For these reasons, I respectfully dissent in part.
 

 

 

 

  • 11 See ISO New England Inc., 162 FERC ¶ 61,205, at P 7 (2018) (CASPR Order).
  • 22 16 U.S.C. § 824d (2012).
  • 33 CASPR Order, 162 FERC ¶ 61,205 at 6 (Glick, Comm’r, dissenting).
  • 44 Id. at 6-7.
  • 55 See Constellation Mystic Power, LLC, 165 FERC ¶ 61,267 (2018); ISO New England Inc., 165 FERC ¶ 61,202 (2018); Constellation Mystic Power, LLC, 164 FERC ¶ 61,022 (2018); ISO New England Inc., 164 FERC ¶ 61,003 (2018).
  • 66 See, e.g., ISO New England Inc., 164 FERC ¶ 61,003, at 4-5 (2018) (Glick, Comm’r, dissenting) (discussing alternatives that might more effectively address ISO-NE’s fuel security concerns than the proposal to provide the Mystic facility with a cost-of-service agreement); see also Constellation Mystic Power, LLC, 164 FERC ¶ 61,022, at 3-5 (2018) (Powelson, Comm’r, dissenting) (discussing additional alternatives that might more effectively address potential fuel security concerns than the Mystic cost-of-service agreement).
  • 77 Although the filing was made by both ISO-NE and the New England Power Pool Participants Committee, ISO New England, Inc., 166 FERC ¶ 61,061, at P 1 (2019), for brevity, I will refer to the filing as ISO-NE’s.
  • 88 ISO New England, Inc., 166 FERC ¶ 61,061 at P 7.
  • 99 The tariff language in question provided that to be eligible to participate as a buyer in the substitution auction, “[t]he resource must qualify as a renewable or alternative energy generating resource in the state in which it is geographically located.” Tariff, § III.13.1.1.1.7(b) (57.0.0) (emphasis added).
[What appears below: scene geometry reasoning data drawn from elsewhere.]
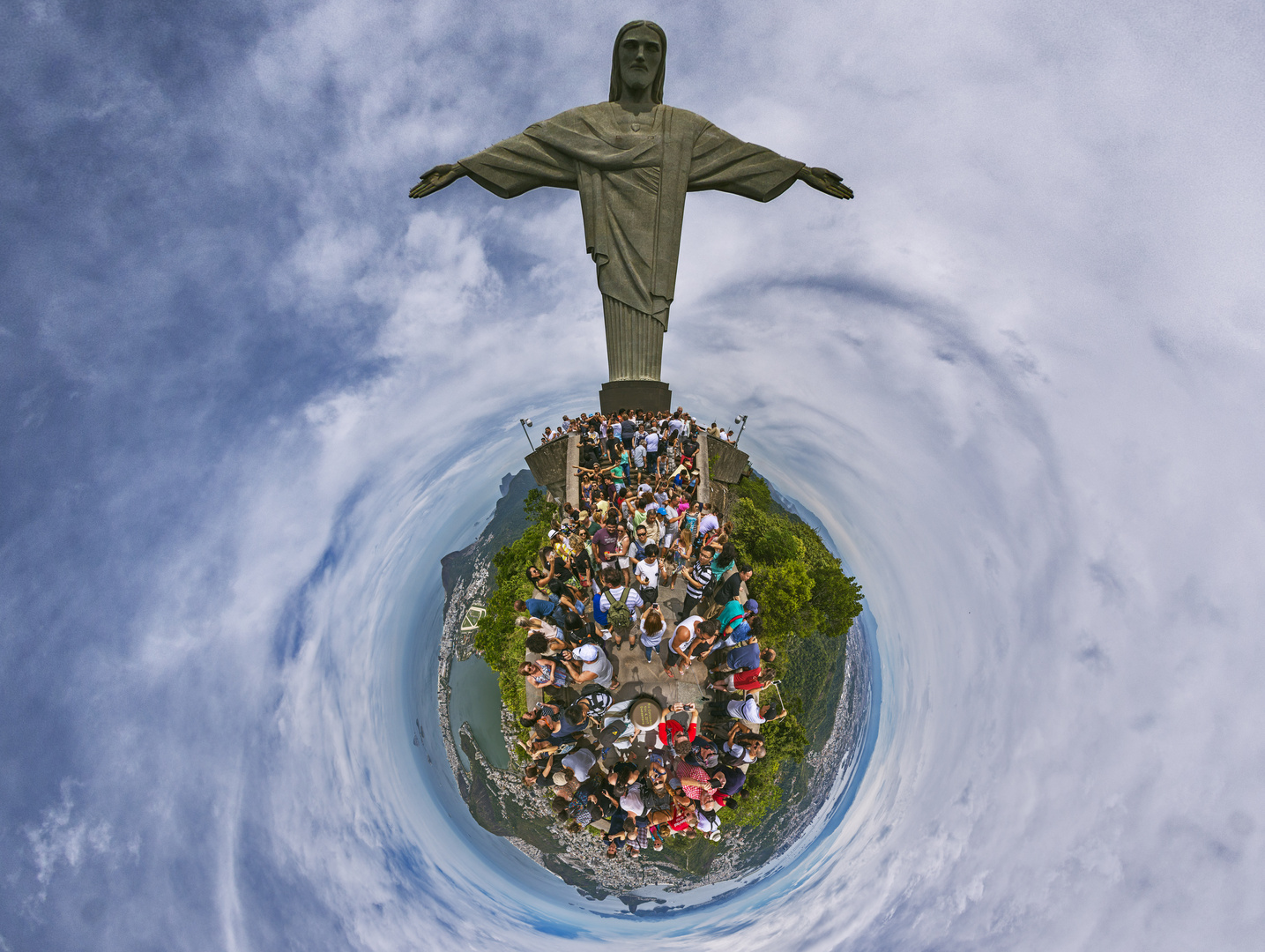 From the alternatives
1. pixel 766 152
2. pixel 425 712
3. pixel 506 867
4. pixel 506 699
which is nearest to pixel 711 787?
pixel 506 699

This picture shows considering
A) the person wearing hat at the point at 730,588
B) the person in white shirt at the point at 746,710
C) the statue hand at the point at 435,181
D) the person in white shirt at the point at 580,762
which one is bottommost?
the person in white shirt at the point at 580,762

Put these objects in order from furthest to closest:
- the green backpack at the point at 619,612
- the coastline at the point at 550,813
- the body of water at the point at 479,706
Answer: the body of water at the point at 479,706 < the coastline at the point at 550,813 < the green backpack at the point at 619,612

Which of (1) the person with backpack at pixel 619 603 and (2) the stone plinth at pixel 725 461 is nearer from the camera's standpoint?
(1) the person with backpack at pixel 619 603

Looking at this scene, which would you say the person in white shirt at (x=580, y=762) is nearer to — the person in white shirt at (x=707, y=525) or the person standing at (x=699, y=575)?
the person standing at (x=699, y=575)

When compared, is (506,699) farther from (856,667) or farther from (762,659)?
(856,667)

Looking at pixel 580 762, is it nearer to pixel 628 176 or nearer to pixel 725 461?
pixel 725 461

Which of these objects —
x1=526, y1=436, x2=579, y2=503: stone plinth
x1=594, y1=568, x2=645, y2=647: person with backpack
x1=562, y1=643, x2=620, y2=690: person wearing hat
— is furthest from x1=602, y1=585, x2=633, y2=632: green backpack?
x1=526, y1=436, x2=579, y2=503: stone plinth

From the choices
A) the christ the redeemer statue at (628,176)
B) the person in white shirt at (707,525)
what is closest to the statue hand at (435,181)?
the christ the redeemer statue at (628,176)

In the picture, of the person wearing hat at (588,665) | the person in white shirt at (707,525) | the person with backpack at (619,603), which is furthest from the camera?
the person in white shirt at (707,525)
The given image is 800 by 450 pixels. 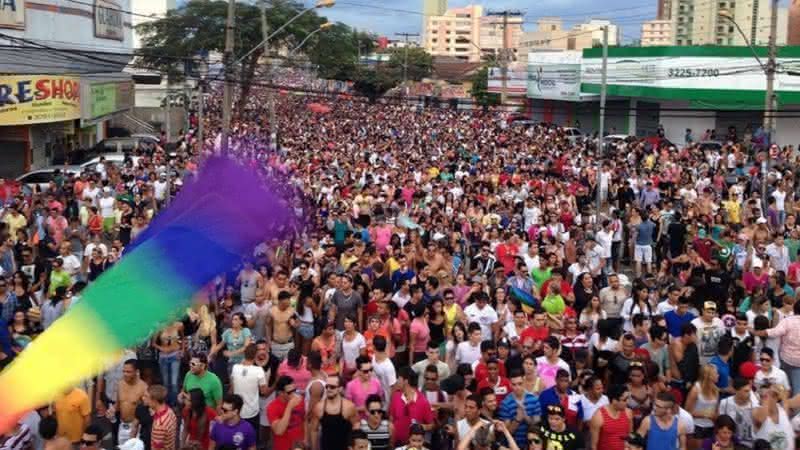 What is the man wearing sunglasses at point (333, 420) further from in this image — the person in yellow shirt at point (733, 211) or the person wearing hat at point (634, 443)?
the person in yellow shirt at point (733, 211)

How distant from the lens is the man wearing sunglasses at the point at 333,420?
734 centimetres

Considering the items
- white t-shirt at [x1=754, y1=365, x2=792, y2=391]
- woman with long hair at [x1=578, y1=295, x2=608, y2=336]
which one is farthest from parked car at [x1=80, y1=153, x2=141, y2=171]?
white t-shirt at [x1=754, y1=365, x2=792, y2=391]

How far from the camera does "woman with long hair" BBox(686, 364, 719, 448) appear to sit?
25.1 ft

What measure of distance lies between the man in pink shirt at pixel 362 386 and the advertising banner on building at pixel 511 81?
55816mm

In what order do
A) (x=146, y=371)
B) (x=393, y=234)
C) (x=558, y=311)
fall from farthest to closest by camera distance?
Answer: (x=393, y=234), (x=558, y=311), (x=146, y=371)

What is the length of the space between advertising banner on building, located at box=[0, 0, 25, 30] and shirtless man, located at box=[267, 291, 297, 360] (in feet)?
78.5

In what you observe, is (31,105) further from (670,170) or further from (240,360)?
(240,360)

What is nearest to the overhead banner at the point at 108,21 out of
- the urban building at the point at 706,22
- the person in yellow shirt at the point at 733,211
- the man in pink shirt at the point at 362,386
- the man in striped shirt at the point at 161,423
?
the person in yellow shirt at the point at 733,211

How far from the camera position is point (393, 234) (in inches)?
535

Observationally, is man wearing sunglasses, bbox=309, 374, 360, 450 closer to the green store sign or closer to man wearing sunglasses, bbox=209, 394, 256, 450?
man wearing sunglasses, bbox=209, 394, 256, 450

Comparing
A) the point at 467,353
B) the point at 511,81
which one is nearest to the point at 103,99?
the point at 467,353

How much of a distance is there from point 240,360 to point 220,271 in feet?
21.6

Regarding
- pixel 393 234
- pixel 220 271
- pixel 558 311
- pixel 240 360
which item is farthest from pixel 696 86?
pixel 220 271

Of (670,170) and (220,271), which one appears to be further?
(670,170) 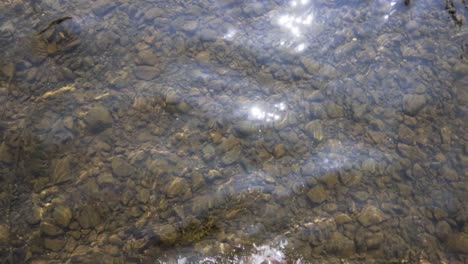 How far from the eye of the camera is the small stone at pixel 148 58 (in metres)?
4.63

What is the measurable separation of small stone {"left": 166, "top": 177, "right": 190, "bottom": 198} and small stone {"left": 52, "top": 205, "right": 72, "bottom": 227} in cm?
91

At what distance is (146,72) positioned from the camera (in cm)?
455

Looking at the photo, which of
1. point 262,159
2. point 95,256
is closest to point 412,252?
point 262,159

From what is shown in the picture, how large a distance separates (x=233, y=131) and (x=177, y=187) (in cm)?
85

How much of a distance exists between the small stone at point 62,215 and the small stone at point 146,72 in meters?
1.68

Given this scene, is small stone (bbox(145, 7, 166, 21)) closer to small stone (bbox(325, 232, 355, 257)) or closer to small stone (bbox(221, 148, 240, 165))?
small stone (bbox(221, 148, 240, 165))

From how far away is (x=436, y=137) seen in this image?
4129 mm

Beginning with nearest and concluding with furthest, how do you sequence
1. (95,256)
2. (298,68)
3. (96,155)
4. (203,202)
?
(95,256), (203,202), (96,155), (298,68)

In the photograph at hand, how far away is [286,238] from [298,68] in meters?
2.05

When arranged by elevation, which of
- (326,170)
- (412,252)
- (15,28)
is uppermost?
(15,28)

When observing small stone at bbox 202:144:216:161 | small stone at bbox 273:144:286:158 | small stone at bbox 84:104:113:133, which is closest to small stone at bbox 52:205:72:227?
small stone at bbox 84:104:113:133

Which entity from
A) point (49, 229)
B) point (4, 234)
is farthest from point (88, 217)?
point (4, 234)

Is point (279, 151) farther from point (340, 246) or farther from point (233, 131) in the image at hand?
point (340, 246)

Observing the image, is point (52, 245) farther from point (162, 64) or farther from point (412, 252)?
point (412, 252) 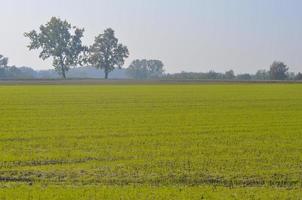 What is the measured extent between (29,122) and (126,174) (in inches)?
535

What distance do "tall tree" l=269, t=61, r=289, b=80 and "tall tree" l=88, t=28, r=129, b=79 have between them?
39.9 m

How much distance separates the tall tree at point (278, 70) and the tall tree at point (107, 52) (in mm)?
39942

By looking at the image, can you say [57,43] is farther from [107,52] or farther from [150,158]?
[150,158]

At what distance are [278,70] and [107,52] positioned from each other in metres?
45.9

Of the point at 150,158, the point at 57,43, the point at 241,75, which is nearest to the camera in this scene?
the point at 150,158

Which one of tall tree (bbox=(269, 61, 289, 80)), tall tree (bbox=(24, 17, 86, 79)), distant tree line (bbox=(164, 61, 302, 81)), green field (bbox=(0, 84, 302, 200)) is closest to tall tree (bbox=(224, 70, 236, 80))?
distant tree line (bbox=(164, 61, 302, 81))

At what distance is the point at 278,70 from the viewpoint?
141625 mm

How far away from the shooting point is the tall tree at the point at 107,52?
127 metres

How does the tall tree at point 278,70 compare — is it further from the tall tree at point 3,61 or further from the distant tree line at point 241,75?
the tall tree at point 3,61

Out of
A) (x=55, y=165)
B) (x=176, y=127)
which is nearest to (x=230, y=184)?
(x=55, y=165)

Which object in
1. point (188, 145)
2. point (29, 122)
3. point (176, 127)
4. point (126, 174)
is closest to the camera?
point (126, 174)

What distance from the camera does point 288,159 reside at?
A: 1488cm

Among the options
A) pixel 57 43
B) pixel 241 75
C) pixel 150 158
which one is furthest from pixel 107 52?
pixel 150 158

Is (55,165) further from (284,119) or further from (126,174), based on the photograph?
(284,119) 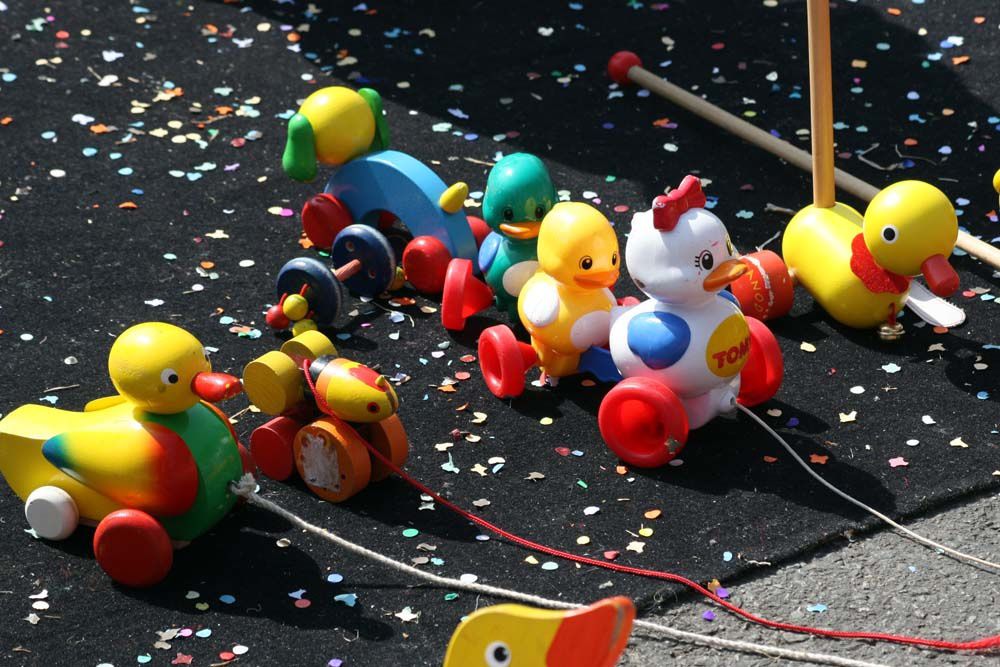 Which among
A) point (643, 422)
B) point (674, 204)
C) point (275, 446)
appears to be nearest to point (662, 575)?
point (643, 422)

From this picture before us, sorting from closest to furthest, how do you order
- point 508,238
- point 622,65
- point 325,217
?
point 508,238
point 325,217
point 622,65

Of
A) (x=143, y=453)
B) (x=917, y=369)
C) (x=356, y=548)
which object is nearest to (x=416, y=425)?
(x=356, y=548)

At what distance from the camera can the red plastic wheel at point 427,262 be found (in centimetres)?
376

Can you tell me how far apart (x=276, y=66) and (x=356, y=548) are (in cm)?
271

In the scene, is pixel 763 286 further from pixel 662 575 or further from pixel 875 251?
pixel 662 575

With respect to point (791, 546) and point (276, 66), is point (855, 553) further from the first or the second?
point (276, 66)

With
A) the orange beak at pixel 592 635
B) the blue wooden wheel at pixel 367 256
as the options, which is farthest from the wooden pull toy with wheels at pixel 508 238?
the orange beak at pixel 592 635

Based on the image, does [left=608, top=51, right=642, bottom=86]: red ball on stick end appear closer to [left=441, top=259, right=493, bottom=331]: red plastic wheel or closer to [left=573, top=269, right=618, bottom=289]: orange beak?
[left=441, top=259, right=493, bottom=331]: red plastic wheel

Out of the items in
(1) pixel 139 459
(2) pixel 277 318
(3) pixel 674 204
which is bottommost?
(2) pixel 277 318

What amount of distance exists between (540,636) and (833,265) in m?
1.78

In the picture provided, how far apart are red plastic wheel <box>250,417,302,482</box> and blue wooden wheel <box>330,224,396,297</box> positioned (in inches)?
30.2

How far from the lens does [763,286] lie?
3.55m

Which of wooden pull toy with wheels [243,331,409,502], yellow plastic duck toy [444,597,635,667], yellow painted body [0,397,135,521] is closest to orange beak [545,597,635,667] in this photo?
yellow plastic duck toy [444,597,635,667]

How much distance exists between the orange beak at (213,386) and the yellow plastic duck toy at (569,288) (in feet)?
2.73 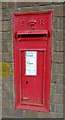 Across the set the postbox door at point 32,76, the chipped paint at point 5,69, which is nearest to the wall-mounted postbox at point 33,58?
the postbox door at point 32,76

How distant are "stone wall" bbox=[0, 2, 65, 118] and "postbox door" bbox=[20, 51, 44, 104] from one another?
20 cm

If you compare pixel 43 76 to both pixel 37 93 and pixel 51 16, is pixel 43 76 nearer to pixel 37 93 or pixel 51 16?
pixel 37 93

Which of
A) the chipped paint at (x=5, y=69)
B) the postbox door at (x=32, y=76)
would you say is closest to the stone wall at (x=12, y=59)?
the chipped paint at (x=5, y=69)

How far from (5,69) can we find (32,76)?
53cm

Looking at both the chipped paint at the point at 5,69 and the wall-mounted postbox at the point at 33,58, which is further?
the chipped paint at the point at 5,69

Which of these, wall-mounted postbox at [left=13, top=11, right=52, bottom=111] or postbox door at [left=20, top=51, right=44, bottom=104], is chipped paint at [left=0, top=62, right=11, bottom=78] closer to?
wall-mounted postbox at [left=13, top=11, right=52, bottom=111]

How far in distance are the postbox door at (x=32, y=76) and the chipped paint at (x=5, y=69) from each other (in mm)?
270

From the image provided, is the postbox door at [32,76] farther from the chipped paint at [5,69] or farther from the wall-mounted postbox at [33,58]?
the chipped paint at [5,69]

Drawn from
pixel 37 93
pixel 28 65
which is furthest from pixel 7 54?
pixel 37 93

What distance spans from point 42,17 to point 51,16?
147mm

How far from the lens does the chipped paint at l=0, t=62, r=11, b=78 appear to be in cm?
210

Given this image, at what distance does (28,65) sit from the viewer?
198 cm

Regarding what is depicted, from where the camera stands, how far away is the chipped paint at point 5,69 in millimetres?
2096

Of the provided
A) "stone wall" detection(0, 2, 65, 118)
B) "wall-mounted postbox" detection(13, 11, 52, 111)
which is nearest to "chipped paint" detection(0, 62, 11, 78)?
"stone wall" detection(0, 2, 65, 118) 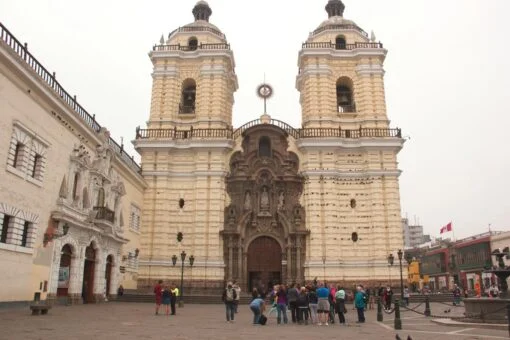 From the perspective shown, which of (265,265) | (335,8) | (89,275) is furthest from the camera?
(335,8)

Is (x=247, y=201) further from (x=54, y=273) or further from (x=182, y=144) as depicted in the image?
(x=54, y=273)

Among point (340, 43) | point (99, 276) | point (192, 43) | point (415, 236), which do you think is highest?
point (192, 43)

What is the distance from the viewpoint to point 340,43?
126 ft

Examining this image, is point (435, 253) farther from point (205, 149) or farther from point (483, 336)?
point (483, 336)

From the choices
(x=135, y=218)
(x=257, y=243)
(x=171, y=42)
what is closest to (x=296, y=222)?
(x=257, y=243)

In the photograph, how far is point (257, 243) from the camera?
1347 inches

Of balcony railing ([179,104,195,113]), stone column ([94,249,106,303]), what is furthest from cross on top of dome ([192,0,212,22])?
stone column ([94,249,106,303])

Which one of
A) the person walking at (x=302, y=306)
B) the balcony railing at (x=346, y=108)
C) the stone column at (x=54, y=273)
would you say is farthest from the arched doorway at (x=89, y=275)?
the balcony railing at (x=346, y=108)

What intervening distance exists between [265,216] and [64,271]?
15211 millimetres

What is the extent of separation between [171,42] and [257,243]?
18041 millimetres

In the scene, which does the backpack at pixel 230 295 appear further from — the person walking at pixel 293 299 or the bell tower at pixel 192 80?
the bell tower at pixel 192 80

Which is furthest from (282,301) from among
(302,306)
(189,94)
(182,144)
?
(189,94)

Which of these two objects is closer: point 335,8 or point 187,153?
point 187,153

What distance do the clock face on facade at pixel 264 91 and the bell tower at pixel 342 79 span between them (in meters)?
2.86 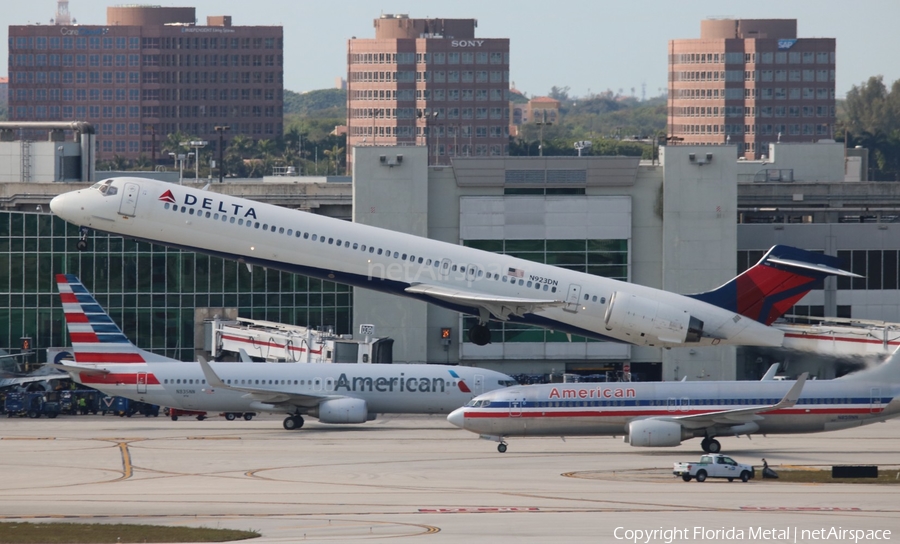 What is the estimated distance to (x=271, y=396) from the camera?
83688 mm

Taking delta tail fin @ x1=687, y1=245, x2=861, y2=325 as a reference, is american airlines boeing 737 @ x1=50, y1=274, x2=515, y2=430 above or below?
below

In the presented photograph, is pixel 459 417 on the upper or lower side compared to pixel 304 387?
lower

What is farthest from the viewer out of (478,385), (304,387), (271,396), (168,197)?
(304,387)

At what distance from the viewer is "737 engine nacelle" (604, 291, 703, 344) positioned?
7025cm

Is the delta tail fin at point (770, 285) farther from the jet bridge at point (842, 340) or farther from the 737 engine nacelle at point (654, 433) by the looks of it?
the jet bridge at point (842, 340)

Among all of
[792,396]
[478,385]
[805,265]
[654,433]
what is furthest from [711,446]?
[478,385]

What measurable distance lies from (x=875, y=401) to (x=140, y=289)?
61524mm

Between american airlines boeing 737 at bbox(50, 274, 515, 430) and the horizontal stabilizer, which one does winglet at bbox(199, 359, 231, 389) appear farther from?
the horizontal stabilizer

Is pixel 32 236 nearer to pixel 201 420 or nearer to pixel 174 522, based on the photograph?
pixel 201 420

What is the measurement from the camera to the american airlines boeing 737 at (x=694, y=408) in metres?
74.1

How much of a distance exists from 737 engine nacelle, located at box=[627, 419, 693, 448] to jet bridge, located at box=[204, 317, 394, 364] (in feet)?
93.6

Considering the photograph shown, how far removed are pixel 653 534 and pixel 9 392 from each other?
2512 inches

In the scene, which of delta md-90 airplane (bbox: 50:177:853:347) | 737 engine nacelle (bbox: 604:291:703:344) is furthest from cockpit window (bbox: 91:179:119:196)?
737 engine nacelle (bbox: 604:291:703:344)

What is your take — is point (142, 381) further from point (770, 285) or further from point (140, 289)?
point (770, 285) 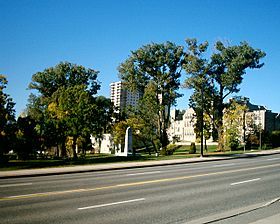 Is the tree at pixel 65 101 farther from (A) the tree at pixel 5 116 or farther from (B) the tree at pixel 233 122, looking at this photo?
(B) the tree at pixel 233 122

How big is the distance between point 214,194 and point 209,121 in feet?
169

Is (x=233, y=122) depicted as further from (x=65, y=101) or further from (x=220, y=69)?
(x=65, y=101)

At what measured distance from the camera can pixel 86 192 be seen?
1301cm

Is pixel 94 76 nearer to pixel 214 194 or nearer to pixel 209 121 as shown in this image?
pixel 209 121

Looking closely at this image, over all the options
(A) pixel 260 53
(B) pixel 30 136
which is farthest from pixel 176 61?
(B) pixel 30 136

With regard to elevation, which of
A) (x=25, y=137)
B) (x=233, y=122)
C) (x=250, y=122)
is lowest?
(x=25, y=137)

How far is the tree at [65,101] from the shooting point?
46.5 m

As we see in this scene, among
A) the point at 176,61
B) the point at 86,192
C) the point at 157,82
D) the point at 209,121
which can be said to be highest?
the point at 176,61

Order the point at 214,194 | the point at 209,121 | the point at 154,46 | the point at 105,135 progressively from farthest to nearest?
1. the point at 105,135
2. the point at 209,121
3. the point at 154,46
4. the point at 214,194

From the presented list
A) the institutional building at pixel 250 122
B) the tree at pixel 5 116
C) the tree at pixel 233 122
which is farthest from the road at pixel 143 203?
the institutional building at pixel 250 122

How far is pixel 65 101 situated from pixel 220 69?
1040 inches

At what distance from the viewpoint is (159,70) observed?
171 ft

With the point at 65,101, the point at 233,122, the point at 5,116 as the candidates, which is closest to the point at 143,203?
the point at 5,116

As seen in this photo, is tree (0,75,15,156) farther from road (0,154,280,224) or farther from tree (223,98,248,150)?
tree (223,98,248,150) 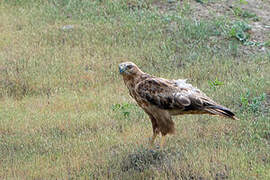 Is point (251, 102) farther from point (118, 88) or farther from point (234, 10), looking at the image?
point (234, 10)

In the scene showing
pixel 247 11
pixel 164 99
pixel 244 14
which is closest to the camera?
pixel 164 99

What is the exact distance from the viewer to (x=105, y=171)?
7.08 meters

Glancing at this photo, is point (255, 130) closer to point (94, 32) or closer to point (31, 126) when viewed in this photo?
point (31, 126)

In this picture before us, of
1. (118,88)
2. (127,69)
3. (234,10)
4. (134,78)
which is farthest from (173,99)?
(234,10)

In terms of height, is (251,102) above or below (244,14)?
above

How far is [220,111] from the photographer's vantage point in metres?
7.10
The implication of the italicized definitive article would appear to be that a resource must be located in a state, with the tariff apparently not contemplating what to do about a resource that is located in federal waters rather than a particular state. In the face of that ambiguity—and what appears to have been the uniformly shared opinion that the RTR exemption was intended to cover offshore wind, see, for example, NESCOE Comments at 2 & n.5; ISO New England, Inc., 166 FERC ¶ 61,061 at P 7—the more appropriate application of the tariff to this factual circumstance would have been to look to where the offshore wind resource is electrically connected to the grid, as ISO-NE now proposes to do in this filing.
  • 1010 I note that Vineyard Wind LLC, the offshore wind resource excluded from the RTR exemption as a result of the ISO’s interpretation, filed a request for waiver of certain tariff provisions in order to overcome that interpretation. See Vineyard Wind LLC, Docket No. ER19-570-000.
  • 1111 ISO New England, Inc., 166 FERC ¶ 61,061 at PP 13-19.
  • 1212 Id. at P 15 (explaining that “ISO-NE did not propose a mechanism to address the bid-shading risk in the original CASPR filing largely because of the limited risk that bid-shading poses”); id. (“the use of sloped demand curves in the primary auction tends to reduce the price impact associated with bid-shading”); id. (bid-shading is financially risky for the market participant”); see also ISO-NE transmittal at 21 (explaining that, even if bid shading occurred, it would affect the clearing price “only if the resource in question would be either marginal or extra-marginal in the primary auction if it offered consistent with its true break-even price,” but infra-marginal at the lower price).